Je suis née à Ambala, dans le nord l'Inde un
21 mai, il y a 46 ans. Mes parents sont des Brahmanes tamouls et sont bien connus dans les
domaines des affaires et du service social. Je suis l'aînée de trois enfants .. ma soeur
Pritha et mon frère Srinath. Il y a un an d'écart entre chacun d'entre nous. J'ai
commencé la danse dès l'âge de trois ans. J'ai eu la grande chance d'avoir une
merveilleuse professeur de danse appelée Rajee Narayan qui m'a appris la musique et la
danse en me faisant asseoir sur ses genoux. J'ai conçu la danse et la musique comme les
choses les plus agréables du monde... C'est toujours ce que je pense et je dois tout à
Mme Narayan.
"Activiste culturelle" est un terme s'appliquant ceux qui sont des
guerriers au service de la culture. Je ne mâche pas mes mots lorsque je parle de ce qui
ne va pas dans le domaine de la danse et de la culture, et je me bats inlassablement pour
améliorer et rectifier ce qui doit l'être... Il y a des gens qui se battent pour des
causes sociales, comme les sans-abri et les victimes de SIDA. On les appelle des
activistes sociaux. Je crois que la culture a besoin d'activisme et c'est pourquoi je me
présente comme activiste cuturelle.
IR : What would you
like to say about yourself as a writer ?
Qu'avez-vous à dire sur vous en tant qu'auteur ?

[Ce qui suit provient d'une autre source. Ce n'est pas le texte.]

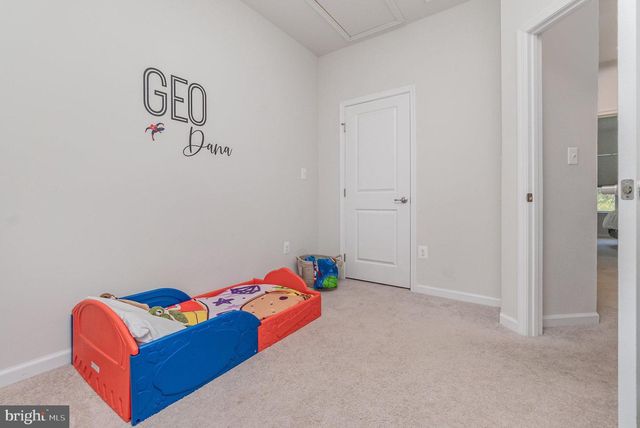 2906 SHAWS RD, Edgemere, MD 21219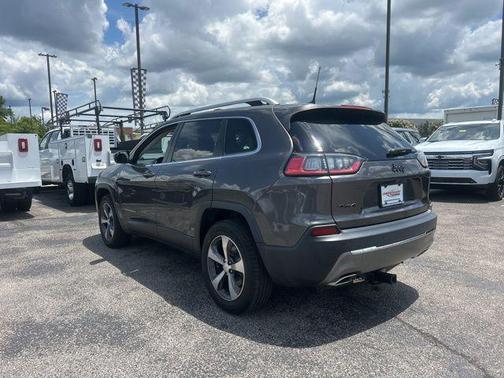 Granite Crystal Metallic Clearcoat 2019 Jeep Cherokee Limited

AR : I am not a formal writer but I think like a
painter and a writer when I choreograph for the stage. In fact, I consider my creations
"writing in the empty space" called the stage. As a writer i am too emotional
and often not diplomatic enough. I love words and have been a fan of poetry from a young
age. I feel that if I write more, my dance may improve.
Je ne suis pas écrivain à
proprement parler, mais je pense comme un peintre et un auteur quand je conçois une
chorégraphie pour la scène. En fait, je considère mes créations comme une
"écriture dans l'espace vide", la scène. En tant qu'auteur, je suis trop
émotive et souvent pas assez diplomate. J'aime les mots et je suis passionnée de poésie
depuis mon enfance. J'estime que si j'écris davantage, ma danse pourrait s'améliorer
d'autant.
IR : As a performer, you practice as well Bharata Natyam, Mohini Attam or
Kathakali : is not it difficult to master without confusion such different and the at the
same time resembling arts and techniques ?

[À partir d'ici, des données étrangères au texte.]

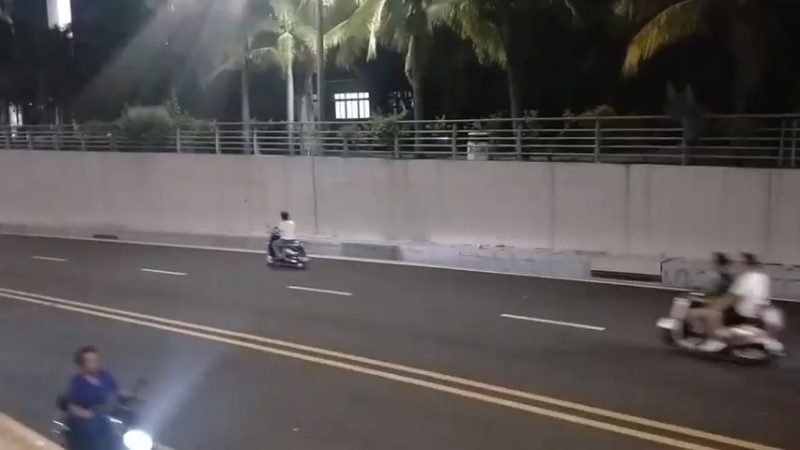 夜晚的人们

En tant qu'interprète, vous pratiquez aussi bien le
Bharata Natyam, le Mohini Attam ou le Kathakali : n'est-il pas difficile de maîtriser des
techniques, des arts à la fois si différents et si ressemblants, sans qu'i y ait
confusion ?
AR : I have not learnt these three forms to mix
them up like a "masala fusion mix". I learnt all three very naturally. I felt
that Bharatanatyam was not giving me the entire body curvature and freedom that I wanted
and so I studied Mohiniattam. Then I was fascinated by the theatrical quality of Kathakali
and the fact that it was so powerful in its communication techniques. So I learnt that
also for three years. Now I combine the kinetic quality of all three to create what suits
my body and the style is my own - very indian and very contemporary.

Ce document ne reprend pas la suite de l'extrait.